DFA: 2nd round of PHL-US talks to focus on joint military programs
In a joint statement, the Department of Foreign Affairs and the Department of National Defense said the Philippine panel will “push for joint activities with the US that will boost maritime security and maritime domain awareness, and improve humanitarian aid and disaster relief.”
During the first round of talks, Manila and Washington vowed to maintain freedom of navigation within the Philippine territory and expand American military presence in the Philippines.
The Philippines has accused China of endangering Asian peace and maritime commerce through Beijing's claims over most of the South China Sea, including areas within the Philippine's exclusive economic zone, according to an Agence France-Presse report.
Main elements to be discussed
Defense Undersecretary Pio Lorenzo Bantino, one of the members of the Philippine Panel, said “The types of activities that we want to do with the US will be threshed out in our talks.”

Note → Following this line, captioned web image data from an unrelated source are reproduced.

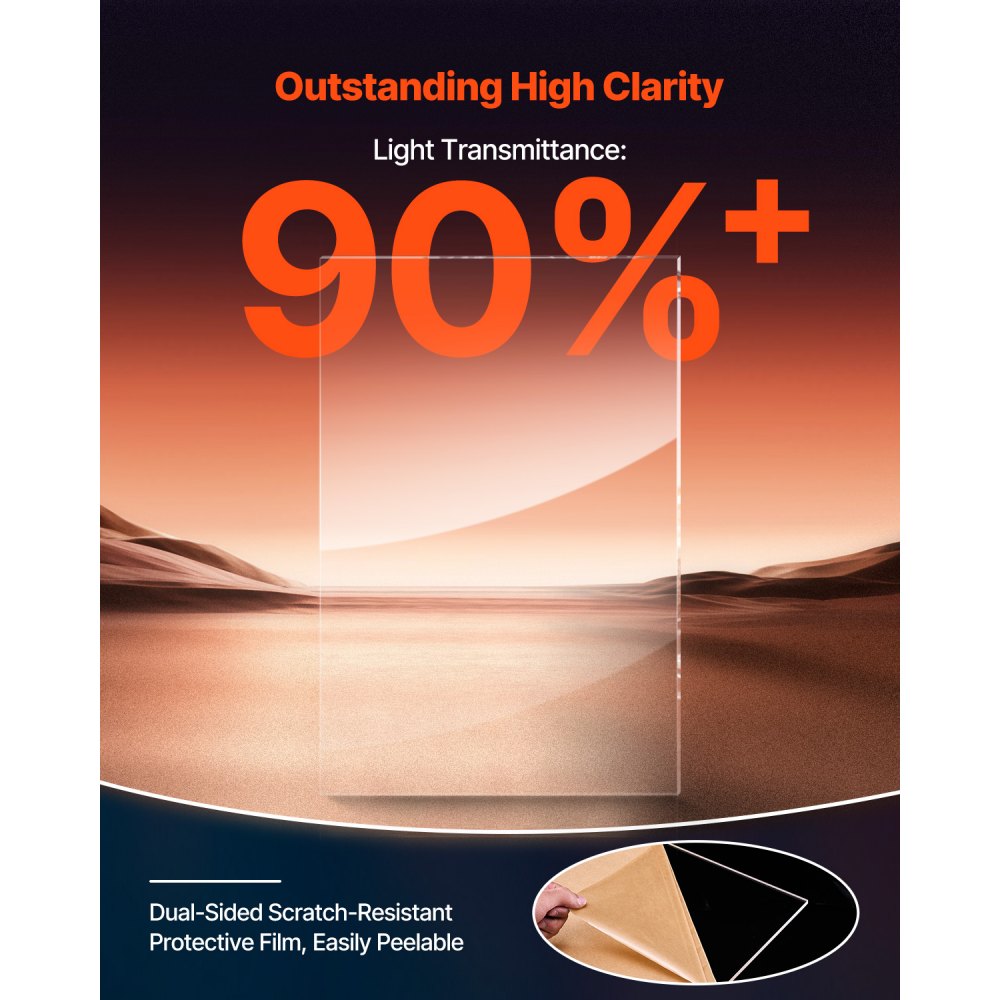 2-Pack Plexiglass Acrylic Sheets 610 x 914 mm Plastic Sheets 6 mm Thick
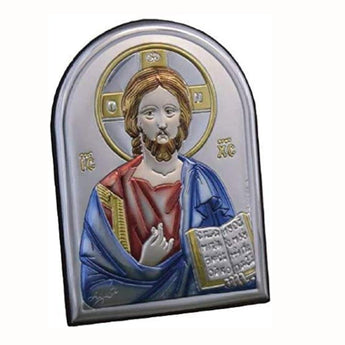 Icona Sacra Ad Arcata In Argento Laminato Colorato Icone Sacre Albalu Bomboniere Cristo Pantocratore  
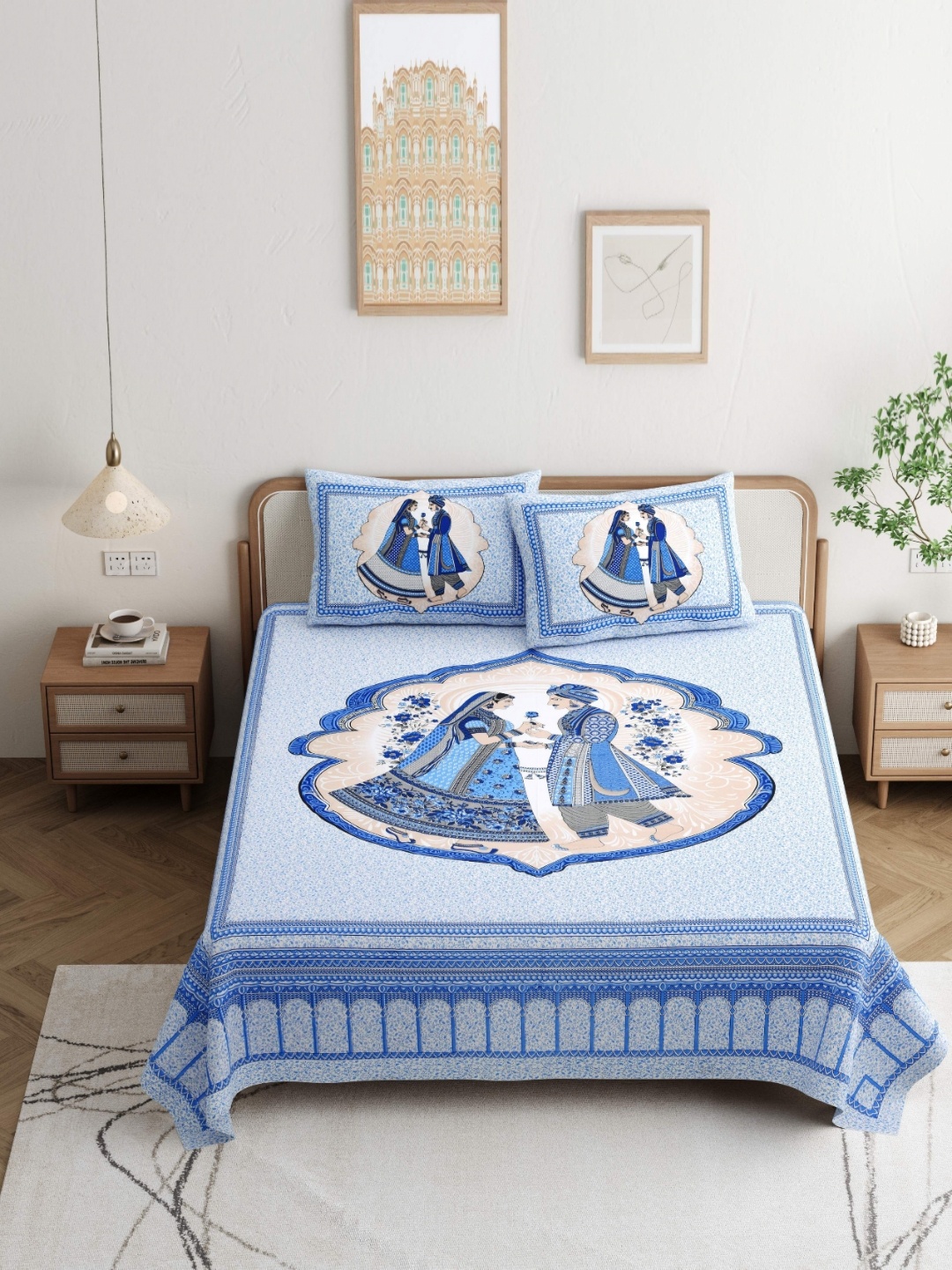 

JAIPUR PRIME Magnet Blue Printed Pure Cotton 180TC King Bedsheet Set 2.74m x 2.54m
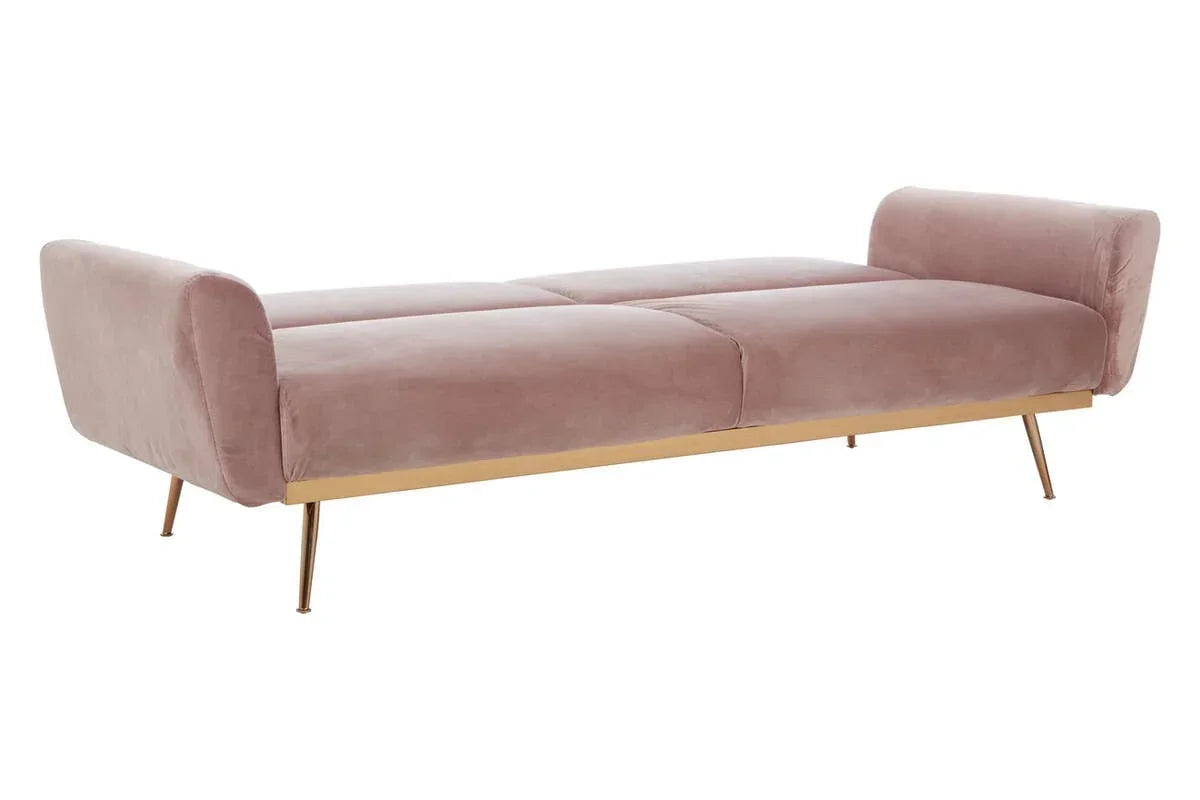 Blush velvet bench sofa with gold metal frame and angled legs, viewed from the side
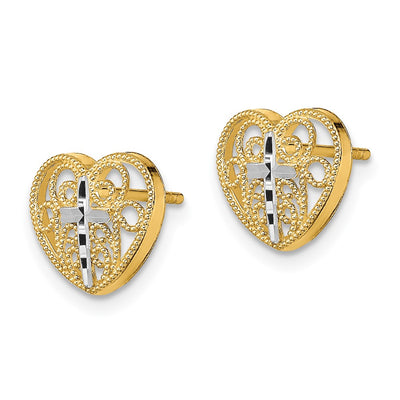 14K w/Rhodium Filigree Cross Center Heart Post Earrings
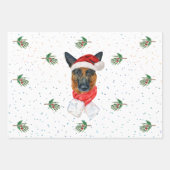 ドイツの羊飼いクリスマスウォーターカラーパイン枝 ラッピングペーパーシート (正面2)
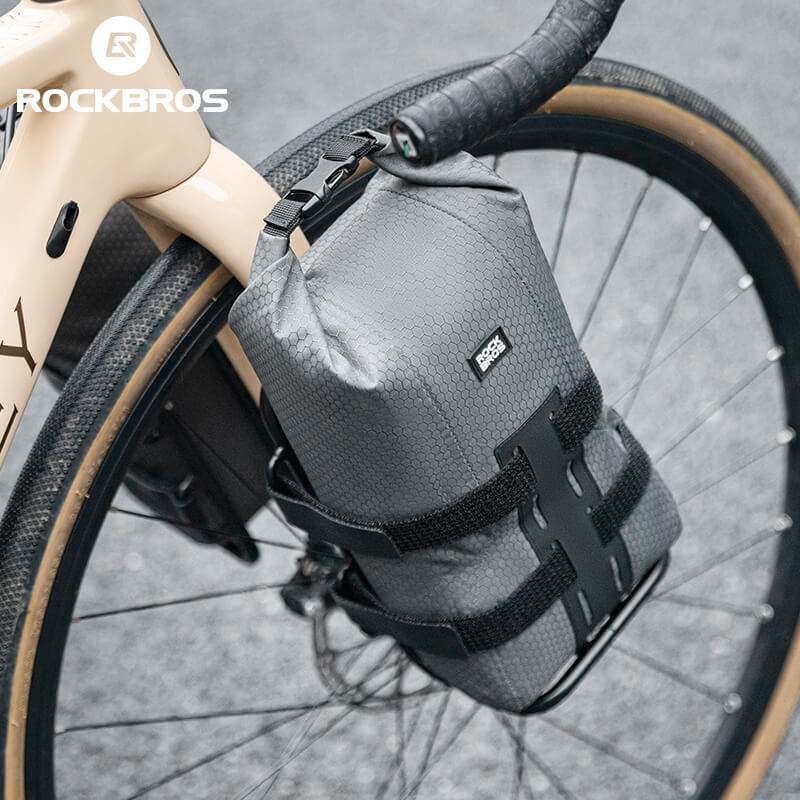 ROCKBROS 2.7L fork rack bag installed on mountain bike for off-road rides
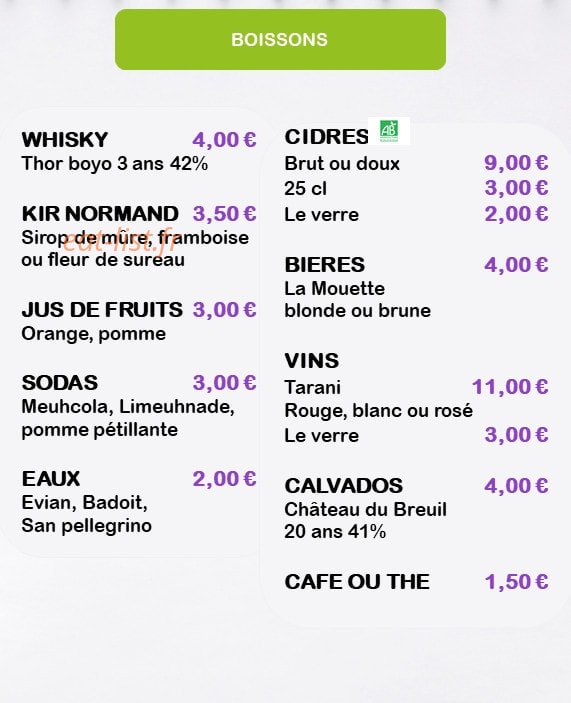 Chez Mimi — carte page 2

“As we discuss these, we want to stress again to our counterparts that any framework agreement must be consistent with our Constitution and there should be mutuality in benefits,” Bantino also said in the joint statement.
Other “main elements” in the framework that would still be discussed include: implementing arrangements, prepositioning of supplies and materiel, security, ownership, protection of the environment, utilities and communications, procedures, resolution of disputes, and duration and termination.
The Philippine panel is composed of Batino, Justice Undersecretary Francisco Baraan III, Foreign Affairs Assistant Secretary Carlos Sorreta and Defense Assistant Secretary Raymund Quilop.
On the other hand, the first round of talks in Pentagon last August 14 was met with anti-US protest actions in Quezon City and Manila.
Earlier, feisty Senator Miriam Defensor-Santiago said the government must secure Senate approval before the Philippine government to take actions to increase the presence of American troops in the country.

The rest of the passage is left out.